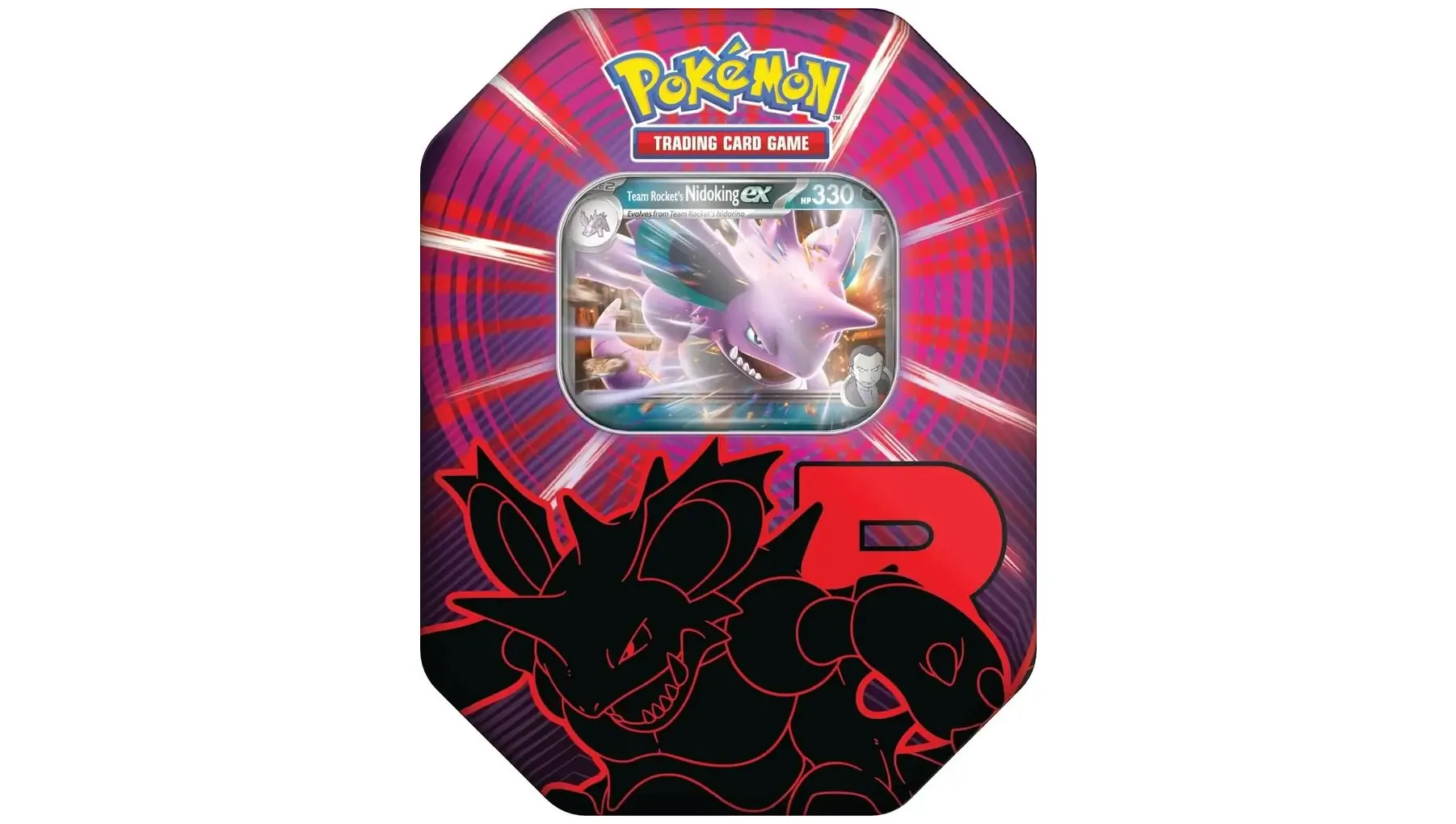Team Rocket Tin Team Rocket's Nidoking ex (International Version)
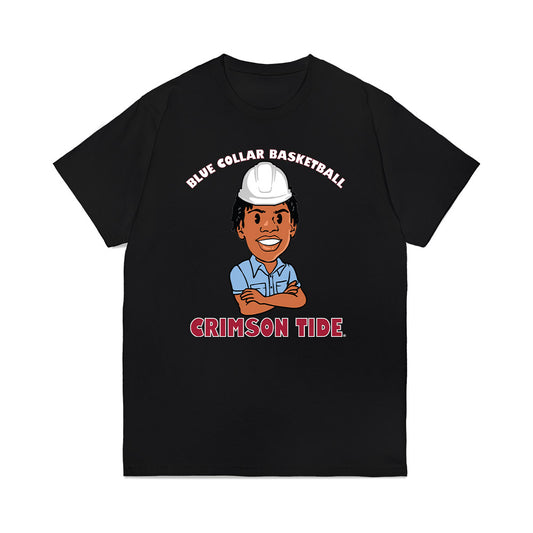 Alabama - NCAA Men's Basketball : Aiden Sherrell - Blue Collar Caricature Premium T-Shirt-0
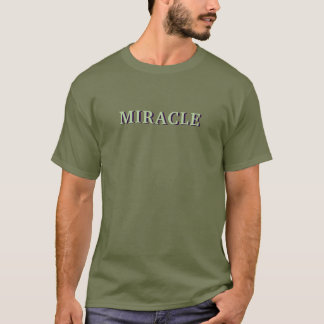 Grey-green colour t-shirt MIRACLE customisable wea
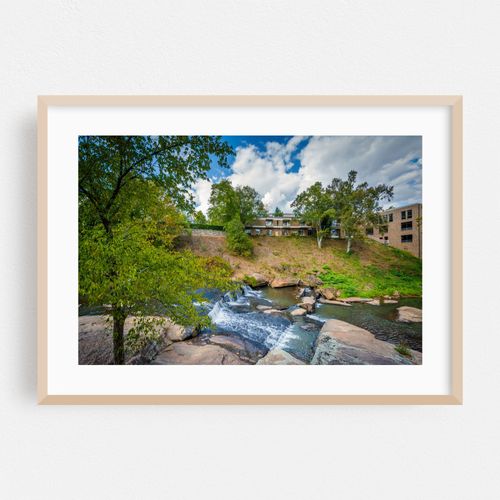 Waterfall at Falls Park, Greenville 06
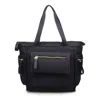 Sol And Selene Nylon Multipurpose Tote In Black In Black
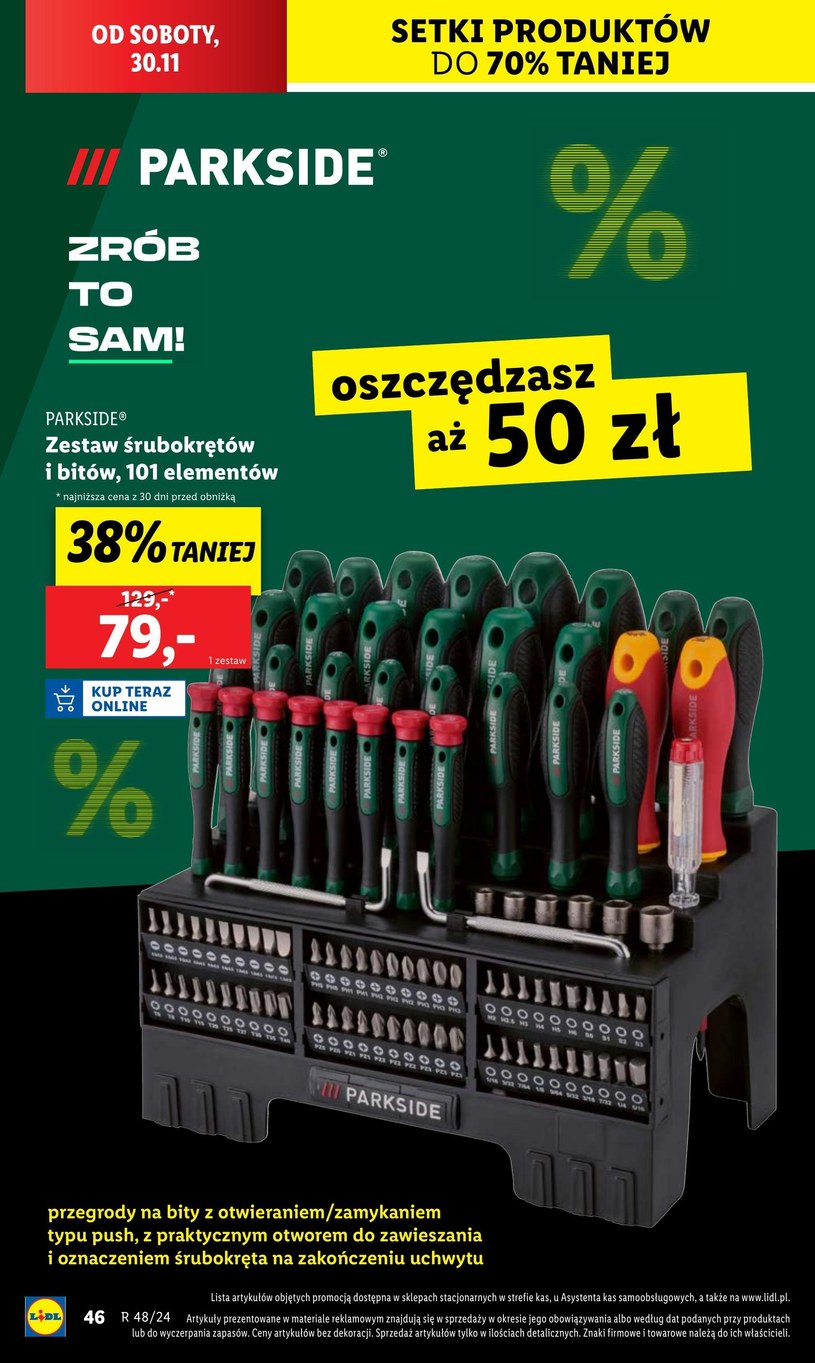 Gazetka: Black week pełen hitów - Lidl - strona 48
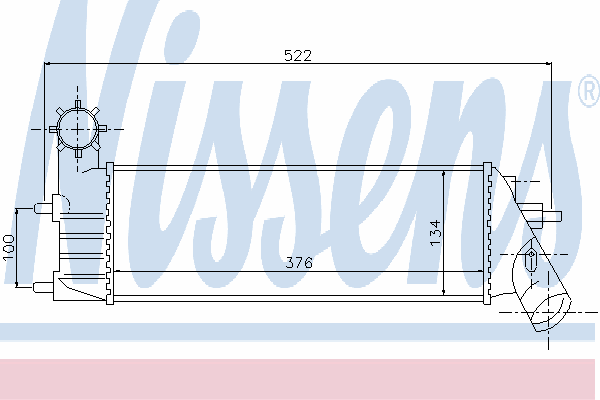 Интеркулер NISSENS 96766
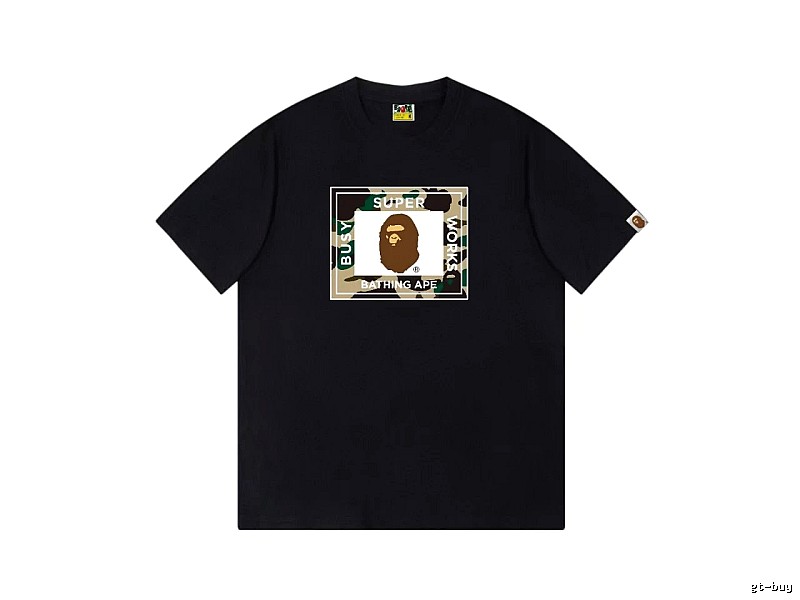 Bape camouflage style black T-shirt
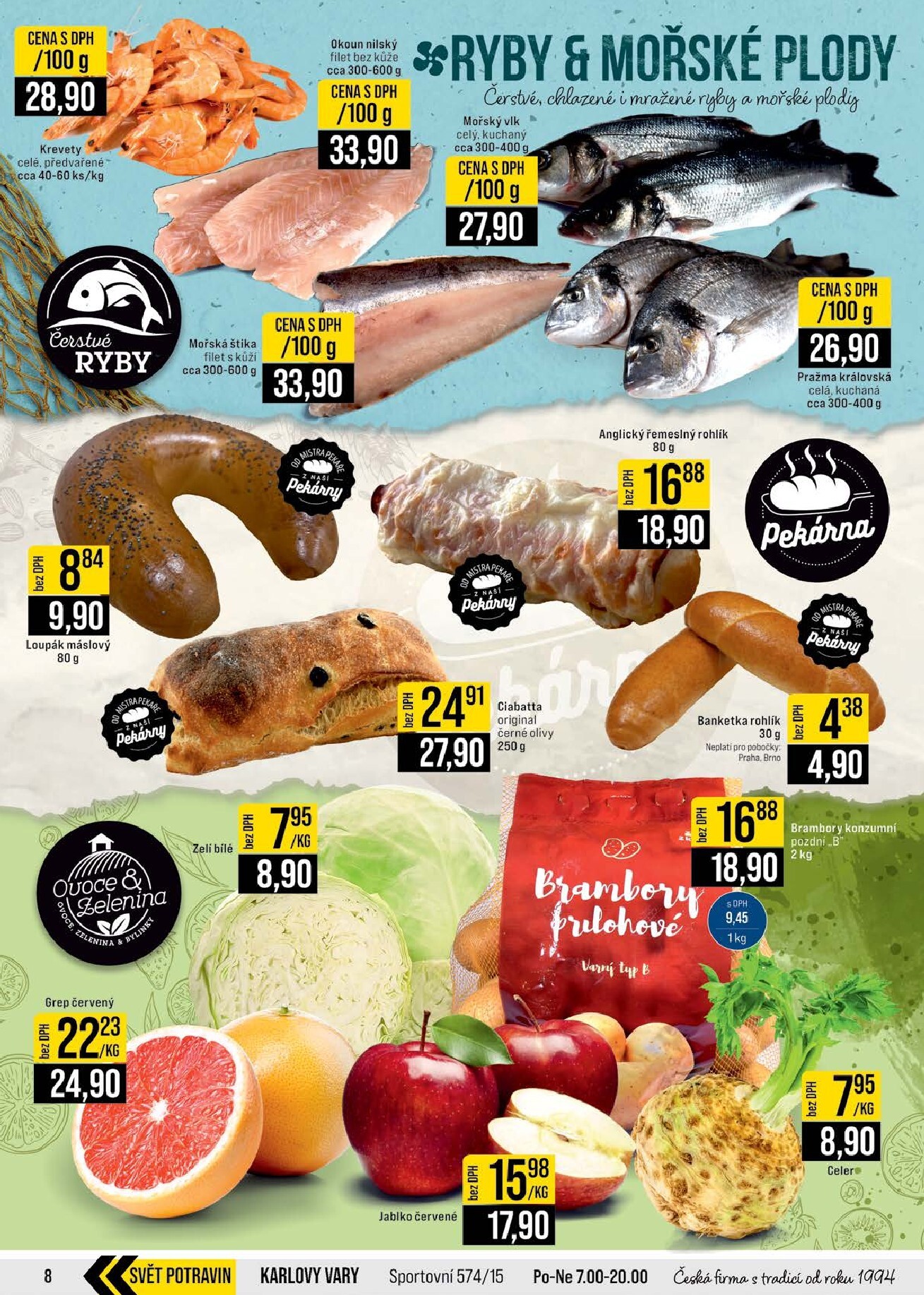 jip - JIP - Brno, Ostrava - Hrabová, Praha - Bořanovice, Jilemnice, Karlovy Vary, Olomouc, Pardubice, Zlín, Polička leták platný od středy 18.03.2026 do úterý 24.03.2026 - page: 8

---+---

▸ Aim of the exercise: Each record above is to be returned unchanged, while any picture it holds stays out.

▸ Task result:
Team Rocket Tin Team Rocket's Nidoking ex (International Version)
 Alabama - NCAA Men's Basketball : Aiden Sherrell - Blue Collar Caricature Premium T-Shirt-0
 Grey-green colour t-shirt MIRACLE customisable wea
 Waterfall at Falls Park, Greenville 06
 Sol And Selene Nylon Multipurpose Tote In Black In Black
 Gazetka: Black week pełen hitów - Lidl - strona 48
 Интеркулер NISSENS 96766
 Bape camouflage style black T-shirt
 jip - JIP - Brno, Ostrava - Hrabová, Praha - Bořanovice, Jilemnice, Karlovy Vary, Olomouc, Pardubice, Zlín, Polička leták platný od středy 18.03.2026 do úterý 24.03.2026 - page: 8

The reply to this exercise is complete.